Understanding and tuning the hydrogen evolution reaction on Pt-covered tungsten carbide cathodes

Understanding and tailoring the interactions between hydrogen (H) atoms and catalytic surfaces is critical to developing electro-catalysts with less platinum (Pt). Tungsten carbide (WC) is a possible valence isoelectronic substitute for Pt. Using first-principles quantum mechanics calculations, we systematically investigate H binding to WC(0001) and Pt(111) surfaces. Moreover, inspired by recent experiments on hybrid monolayer-Pt/WC catalysts, we study H adsorption on these hybrid surfaces. We consider both W and C terminations and vary the number of Pt layers. We predict that the H binding energy (HBE) plateaus rapidly with the number of Pt layers and that a monolayer of Pt on a WC substrate has a similar HBE to that of pure Pt.
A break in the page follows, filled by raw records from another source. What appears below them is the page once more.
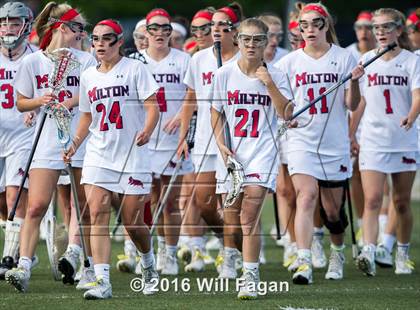 Thumbnail 2 in Northview @ Milton (GHSA 6A Quarterfinal) photogallery.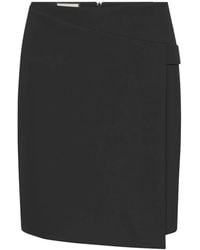 Seductive - Korte Rok Met Zijrits - Lyst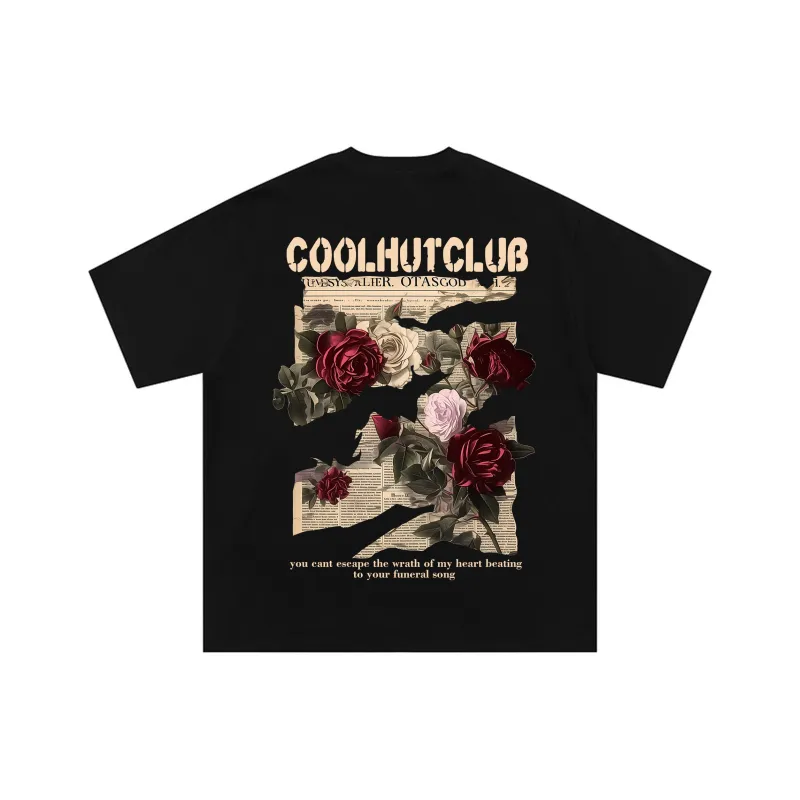 Coolhut T Shirts Unisex-0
This corroborates the experimental observation that the two systems exhibit similar electrochemical activities. Increasing the number of Pt layers leads to a slight increase in the HBE and a projected decrease in catalytic activity. Through various electronic structure analyses, we show that the similarity in activities is due to an intrinsic alteration of the character of the Pt/WC surface rather than a similarity to the pure Pt surface. Our findings provide guidance for tuning parameters that affect catalytic activity by controlling WC surface termination and Pt overlayer thickness.